* Available data
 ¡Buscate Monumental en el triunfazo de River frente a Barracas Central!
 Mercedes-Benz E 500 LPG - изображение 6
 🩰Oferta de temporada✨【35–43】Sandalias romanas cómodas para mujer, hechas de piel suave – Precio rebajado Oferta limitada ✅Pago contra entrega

==

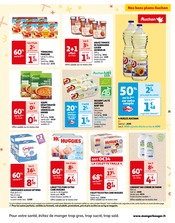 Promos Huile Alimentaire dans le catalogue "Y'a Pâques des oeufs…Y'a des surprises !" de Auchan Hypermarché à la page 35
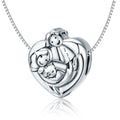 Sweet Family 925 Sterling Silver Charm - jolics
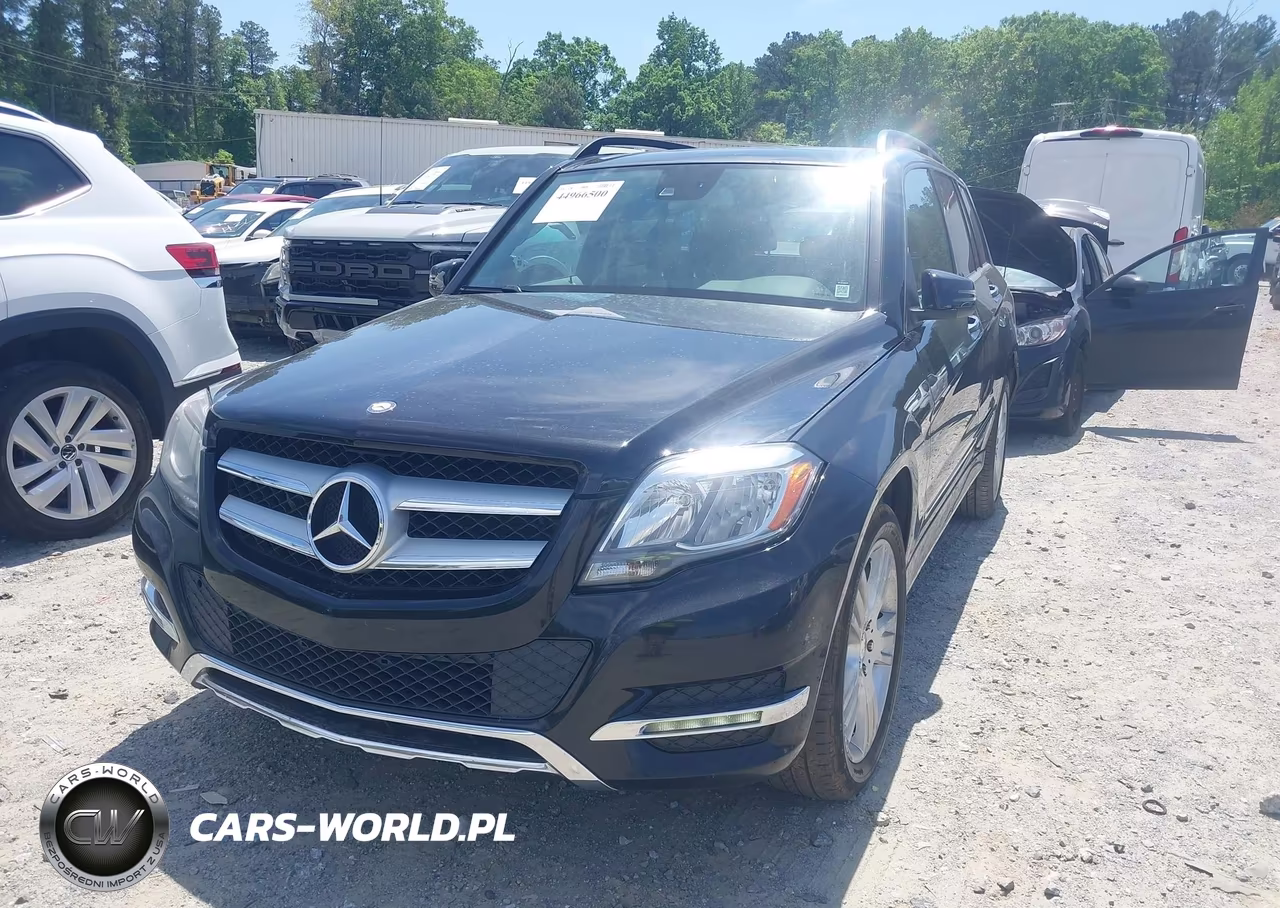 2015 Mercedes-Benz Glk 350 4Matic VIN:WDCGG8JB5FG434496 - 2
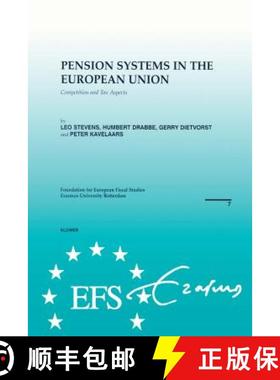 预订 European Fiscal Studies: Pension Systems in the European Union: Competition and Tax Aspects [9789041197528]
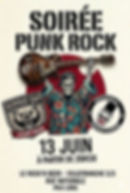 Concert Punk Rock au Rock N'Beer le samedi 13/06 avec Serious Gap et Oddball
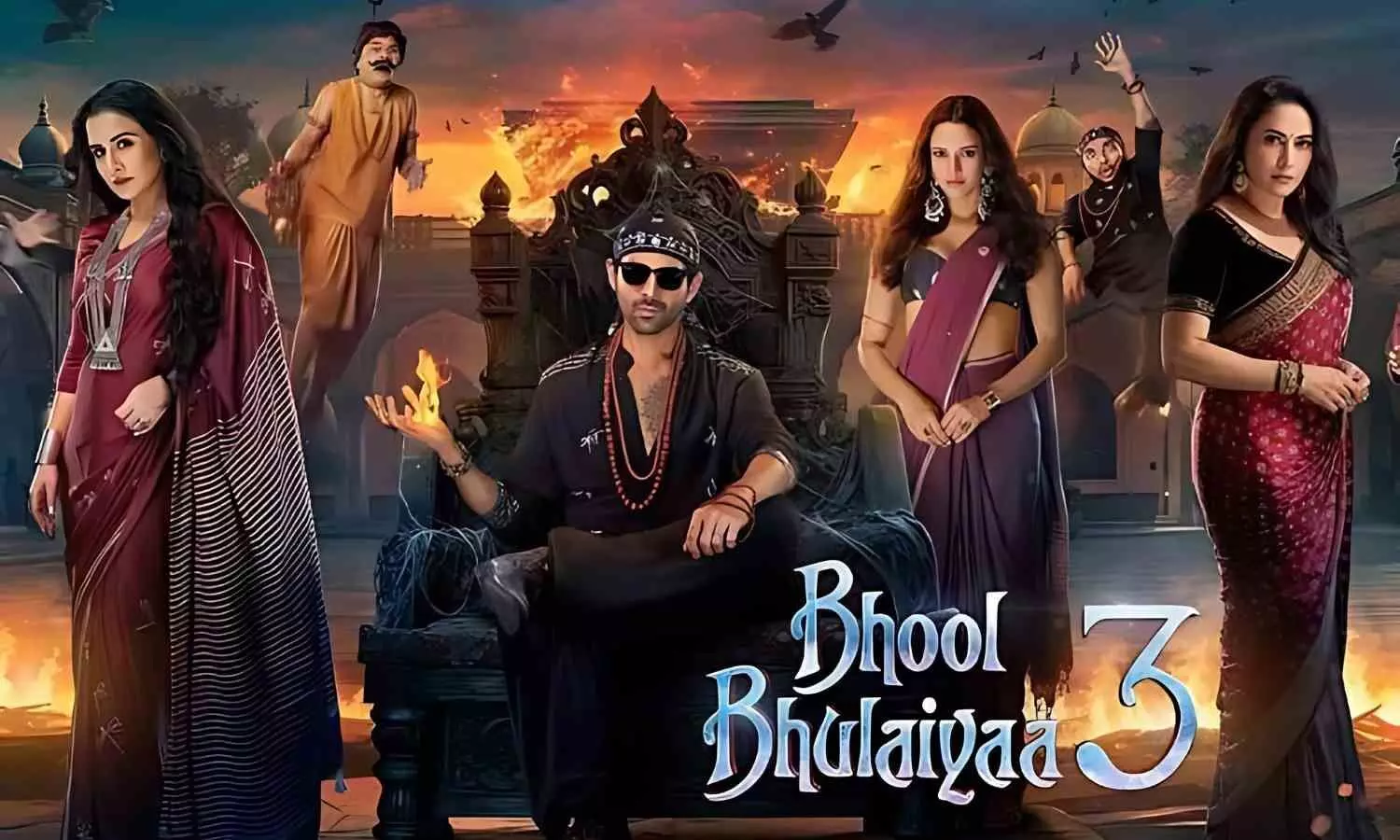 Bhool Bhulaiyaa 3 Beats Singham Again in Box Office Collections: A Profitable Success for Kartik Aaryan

==

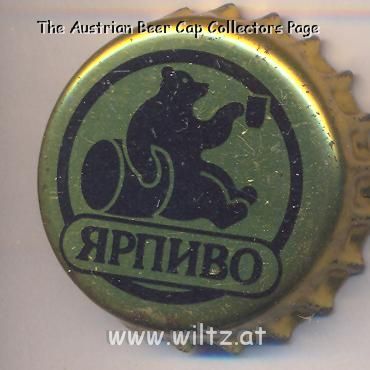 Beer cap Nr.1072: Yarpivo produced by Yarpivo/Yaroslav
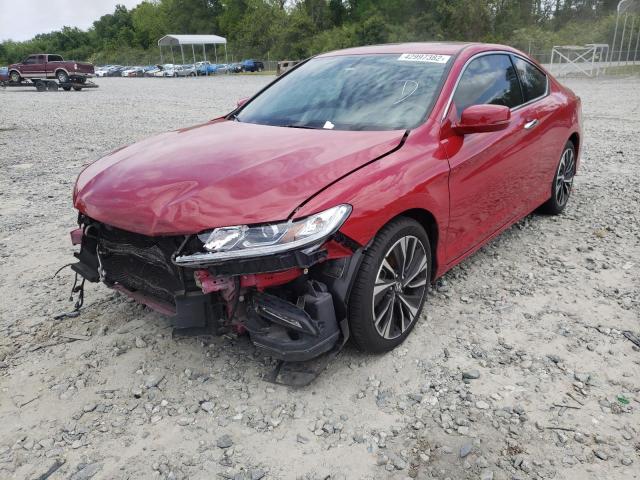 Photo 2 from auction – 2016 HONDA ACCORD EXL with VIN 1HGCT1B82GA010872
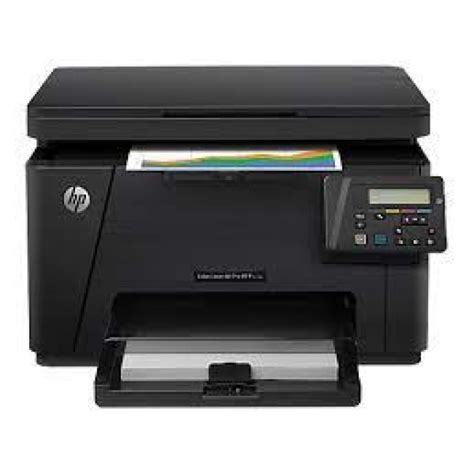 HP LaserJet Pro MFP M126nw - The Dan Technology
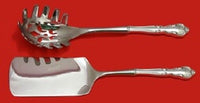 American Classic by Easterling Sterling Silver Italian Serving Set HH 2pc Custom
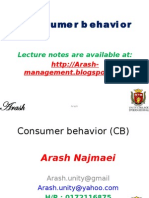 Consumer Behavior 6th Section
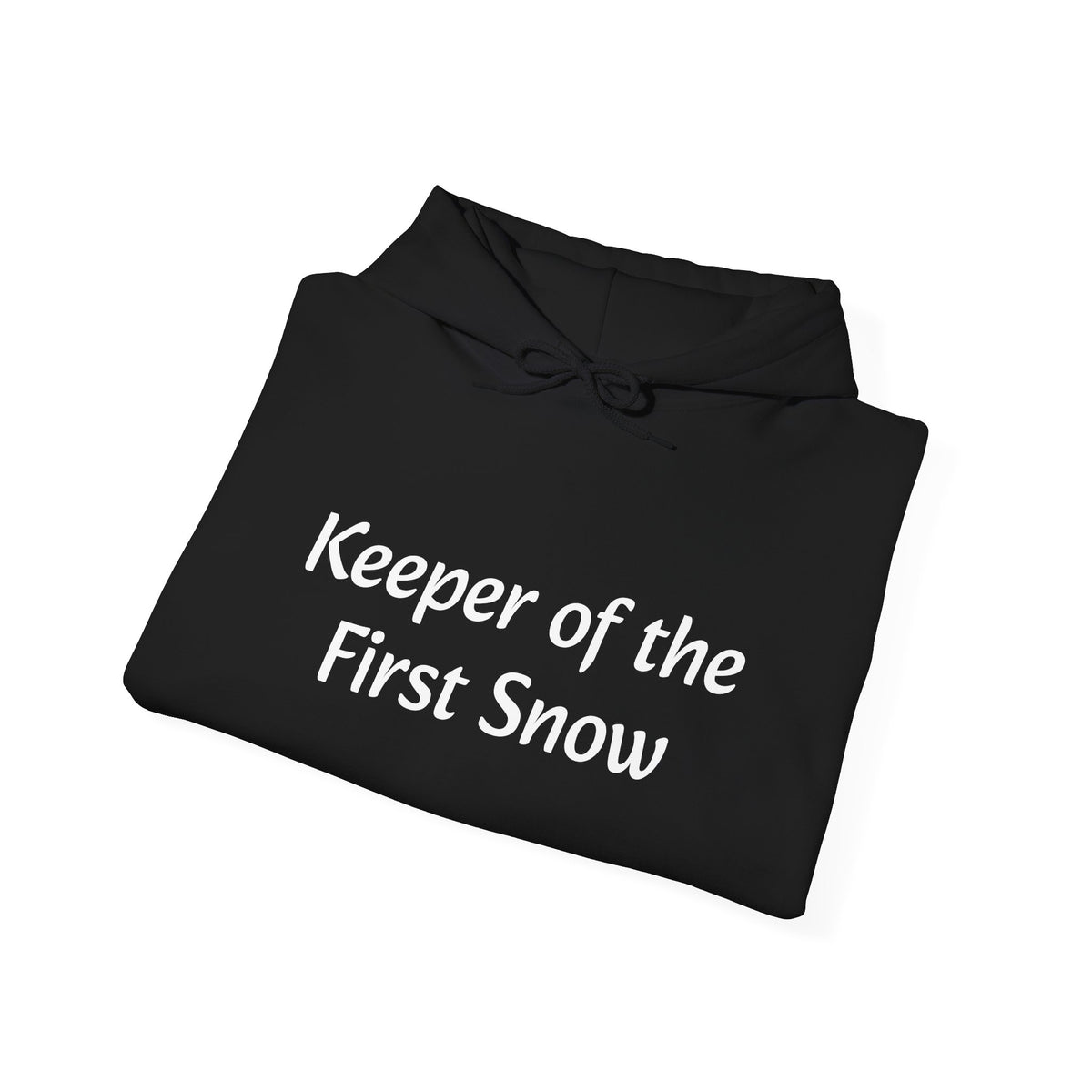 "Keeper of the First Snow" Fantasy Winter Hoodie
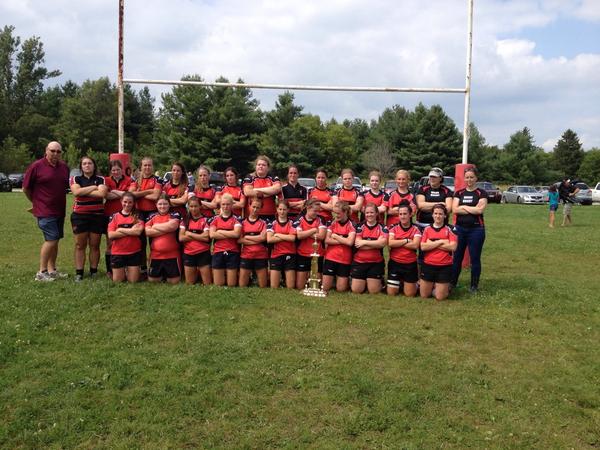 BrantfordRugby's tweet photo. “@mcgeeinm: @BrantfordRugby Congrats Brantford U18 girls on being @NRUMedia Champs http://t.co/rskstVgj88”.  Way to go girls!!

* Task to carry out
Look above for the line with "a Barracas Central!"; retype exactly that line, every line after it up to the line with "limitada ✅Pago contra entrega", and that line too, nothing else.

* Result for this exercise
 ¡Buscate Monumental en el triunfazo de River frente a Barracas Central!
 Mercedes-Benz E 500 LPG - изображение 6
 🩰Oferta de temporada✨【35–43】Sandalias romanas cómodas para mujer, hechas de piel suave – Precio rebajado Oferta limitada ✅Pago contra entrega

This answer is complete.